Keberadaan Gedong Kirtya memang tidak terlepas dari peran Dr. H.N Van der Tuuk, seorang sejarahwan yang memberikan tanah dan bangunannya untuk digunakan sebagai museum yang sekarang dikenal sebagai Museum Gedong Kirtya. Tempat ini merupakan istana tua kerajaan Buleleng di zaman colonial Belanda antara tahun 1901 – 1953 pada saat kota Singaraja menjadi ibu kota Sunda Kecil. Keterlibatan F.A Lefrink sebagai Asisten Resident pemerintah Belanda di Bali pada waktu itu, yang tertarik dengan kebudayaan Bali dan Lombok, banyak menulis  mengenai Bali dan Lombok. Dengan demikian,logis kiranya jika koleksi yang terdapat di Gedong Kirtya tidak hanya menyangkut asset budaya Bali dan Lombok. Namun di tempat ini terdapat koleksi manuskrip daun lontarprasasti, manuskrip kertas dalam bahasa Bali dan huruf Romawi termasuk dokumen-dokumen dari zaman kolonial Belanda.

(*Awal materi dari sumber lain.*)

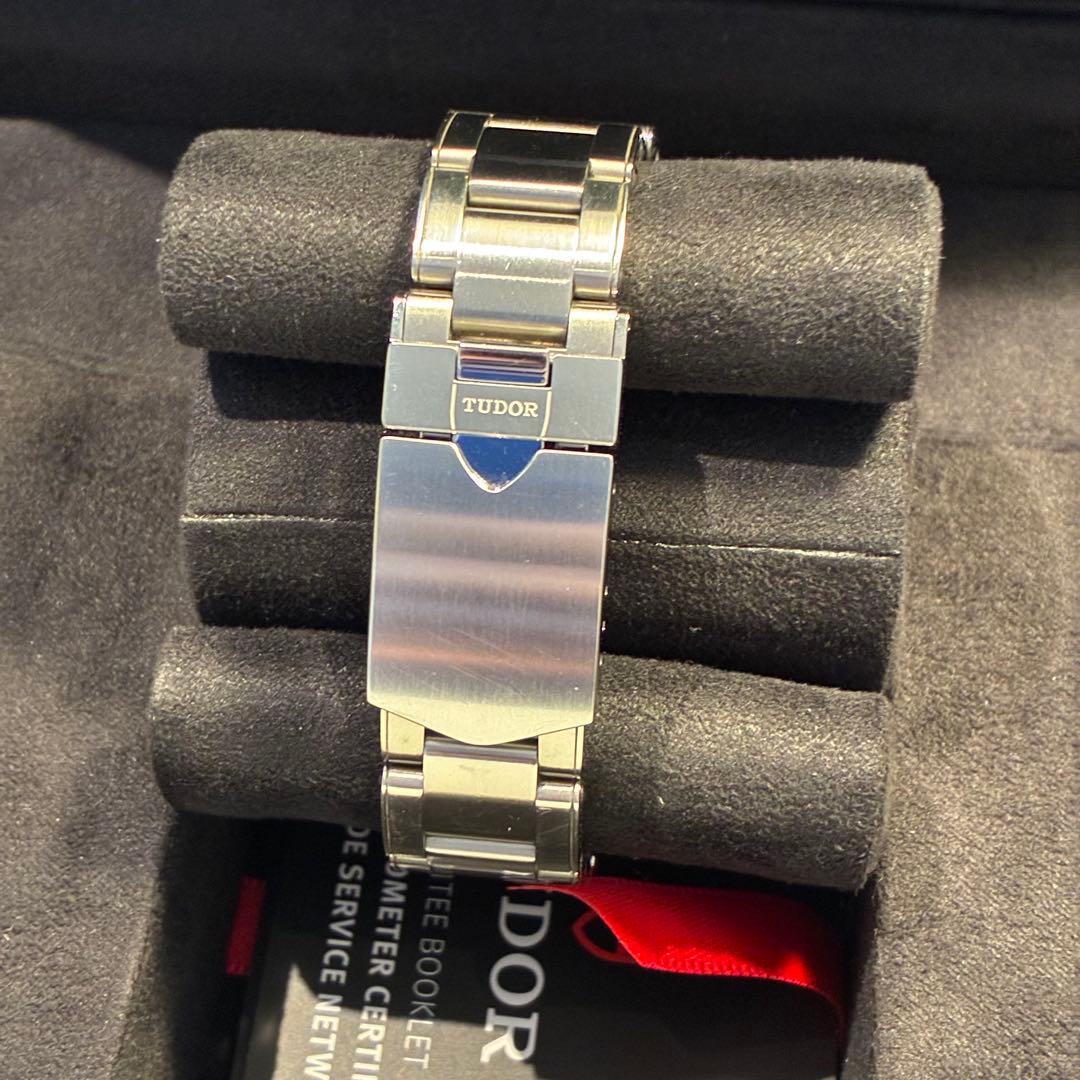 TUDOR ブラックベイ58 ブルー　39mm 腕時計　メンズ　美品✨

Koleksi lontar di  Gedong Kirtya Singaraja ini sangat beragam dan jumlahnya sudah mencapai 1750 lontar, 7211 judul salinan lontar yang mulai dikerjakan sejak tahun 1930-an. Selain itu terdapat juga 8490 judul buku tentang agama, sastra Bali, Jawa kuna, linguistik dan masih banyak lainnya. Setiap lontar yang tersimpan di museum ditempatkan dalam wadah kayu, disusun dalam rak bertingkat. Setiap kotak kayunya diberikan nama lontarnya agar memudahkan pencarian. Identik dengan tujuan awal pendiri Gedong Kirtya L.J.J Caron supaya kekayaan seni tersebut dipelihara agar tidak rusak atau hilang, sehingga generasi selanjutnya mengetahui isi kesenian sastra tersebut, maka kini Gedong Kirtya itupun telah menjadi tempat belajar sekaligus pencarian refrensi budaya masa lalu.

FOTO; ILUSTRASI

Elisa Stocker yakni seorang Social Antropologis Switzerland bersama rekannya, mengaku datang ke Gedong Kirtya Singaraja semata-mata untuk mengetahui isi lontar yang selama ini dikoleksi oleh Gedong Kirtya. Demikian pula halnya dengan Prof. Gede Wija, mantan Dosen Sejarah IKIP yang kini berubah nama menjadi Undiksha Singaraja, datang ke Gedong Kirtya karena mencari buku sebagai refrensi penyusunan proyek keilmuan. Sulit dipungkiri bahwa Gedong Kirtya yang berusia 89 tahun tak sebatas tua karena usia. Akan tetapi keunikannya juga tampak dari beberapa bagian bangunan. Seperti pada gapura bagian dalam, itu dibuat 31 Mei 1933, sedangkan gapura luar dibuat pada 3 Juni 1939.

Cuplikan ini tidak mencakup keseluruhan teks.